It’s been a “no-brainer since forever,” said Sekiai, a money manager at Tokyo-based DIAM Co., which oversees about $166 billion.
That truism is now a thing of the past. Last month, yields on U.S. 10-year notes turned negative for Japanese buyers who pay to eliminate currency fluctuations from their returns, something that hasn’t happened since the financial crisis. It’s even worse for euro-based investors, who are locking in sub-zero returns on Treasuries for the first time in history.
That quirk means the longstanding notion of the U.S. as a respite from negative yields in Japan and Europe is little more than an illusion. With everyone from Jeffrey Gundlach to Bill Gross warning of a bubble in bonds, it could ultimately upend the record foreign demand for Treasuries, which has underpinned their seemingly unstoppable gains in recent years.
“People like a simple narrative,” said Jeffrey Rosenberg, the chief investment strategist for fixed income at BlackRock Inc., which oversees $4.6 trillion. “But there isn’t a free lunch. You can’t simply talk about yield differentials without talking about currency differentials.”
With interest rates so low there is very little cushion left in a foreign investment dependent on harvesting low yields. Therefore it is unsurprising that Japanese and Euro denominated investors are losing money on investments in Treasuries. With Euro/Dollar volatility at 18-month lows, the low return for Euro investors on investing in Treasuries is truly a testament to how low rates are.
The more important consideration they have is whether they would lose more money by not investing in Treasuries because the yields on their respective domestic bonds are so low. The Merrill Lynch 10yr+ Treasury Futures Total Return Index remains in a consistent medium-term uptrend and will need to both sustain a move below the MA and break the progression of higher reaction lows to signal a change of the long-term trend.
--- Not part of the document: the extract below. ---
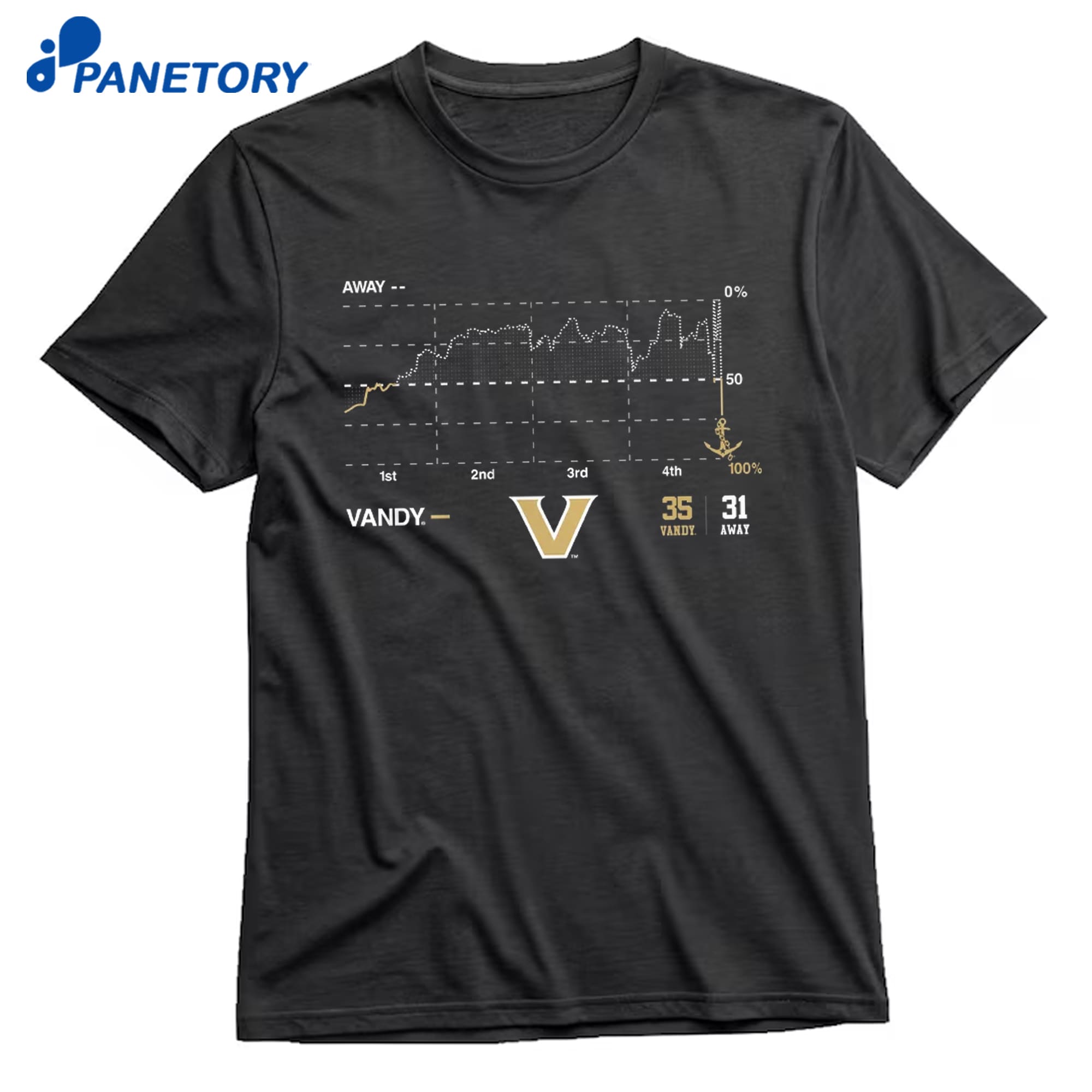 Vanderbilt Football Miracle Win Probability Chart T-Shirt 10 Vanderbilt Football Miracle Win Probability Chart T-Shirt 1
The Japanese 10yr Total Return Index is engaged in a process of mean reversion following an accelerated advance, but a sustained move below the trend mean will be required to question the broad upward bias.
The German 10yr Total Return Index is also still trending higher in a reasonably consistent manner but is also susceptible to mean reversion.
I have a great deal of sympathy with the argument that a bubble is inflating in the bond markets but there is little evidence yet that it has popped. In the meantime equities continue to represent a more attractive prospect.